On November 1, James DeVolld, former financial secretary of International Union of Painters and Allied Trades Local 356, pleaded no contest in Zanesville, Ohio Municipal Court to theft in the sum of $2,375 from the Zanesville-based union. He then was sentenced to 10 days in prison, two years of probation, and was ordered to make full restitution. The actions follow an investigation by the U.S. Labor Department's Office of Labor-Management Standards.
On October 28, Michael Zaborski, former secretary-treasurer for United Transportation Union Local 1962, was sentenced in U.S. District Court for the Northern District of Ohio to five years probation for embezzling $41,226.54 in funds from the Fremont, Ohio union. He also was ordered to pay outstanding restitution in the amount of $39,829. Zaborski had been indicted in May, and pleaded guilty in June. The actions follow an investigation by the U.S. Labor Department's Office of Labor-Management Standards.
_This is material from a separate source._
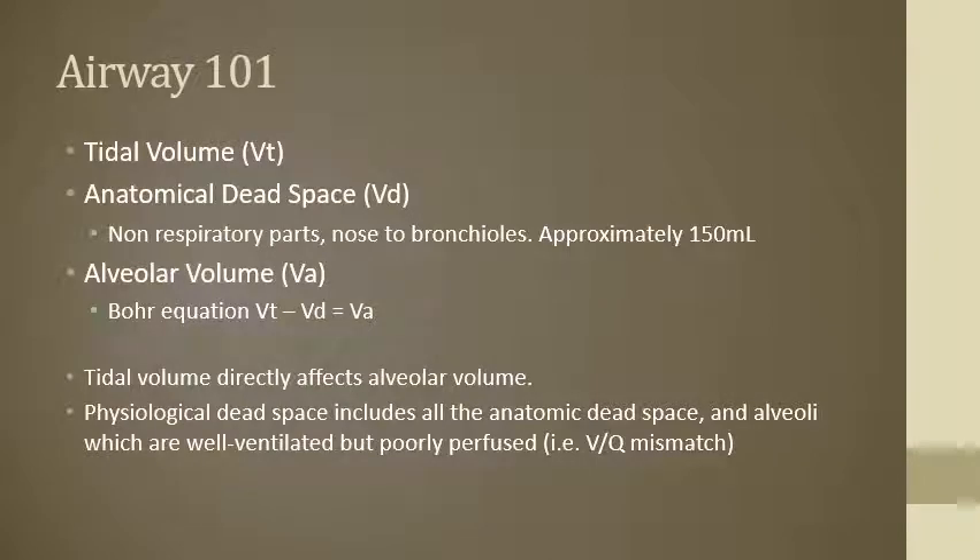With respirations and ventilations, there are some really important terms and concepts that need to be understood. First is tidal volume — the amount of air that's taken in in one breath. Your average tidal volume is about 750 milliliters for the average size adult. The anatomic dead space is all the parts of your pulmonary system from your nose to your bronchioles that aren't doing anything about respiration — they're not doing anything with gas exchange. There's just air going into those hallways not really doing anything except occupying the space.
On October 29, Jacob Barkemeyer, former chairman and treasurer of Brotherhood of Railroad Signalmen Local Lodge 172, was indicted in U.S. District Court for the District of New Mexico for embezzling $8,131 in funds from the Las Lunas, N.M.-based union. The indictment follows an investigation by the Labor Department's Office of Labor-Management Standards.
On October 22, Janet Posey and Linda Bland, respectively, president and former vice president of American Federation of Government Employees Local 2384, pleaded guilty in U.S. District Court for the Northern District of West Virginia to receiving funds in an amount of less than $1,000 from the Clarksburg, W.Va.-based union and then concealing the thefts in union records. The pair had been indicted in August. The union represents employees of the Clarksburg VA Medical Center. The actions follow a probe by the Labor Department's Office of Labor-Management Standards.
Janel Phillips did a lot of job-related traveling. At least that's what her time sheets said. The reality was different. As a result, she'll have to serve some prison time. On July 2, Phillips, an ombudsman for Legal Aid of West Virginia, a Legal Services Corp.-affiliated nonprofit group, received a 10-month sentence in U.S. District Court for the Northern District of West Virginia for obtaining false reimbursements. The sentence will consist of five months each in the form of prison time and home detention. She also will have to make $85,327.74 in restitution. Phillips pled guilty on March 27.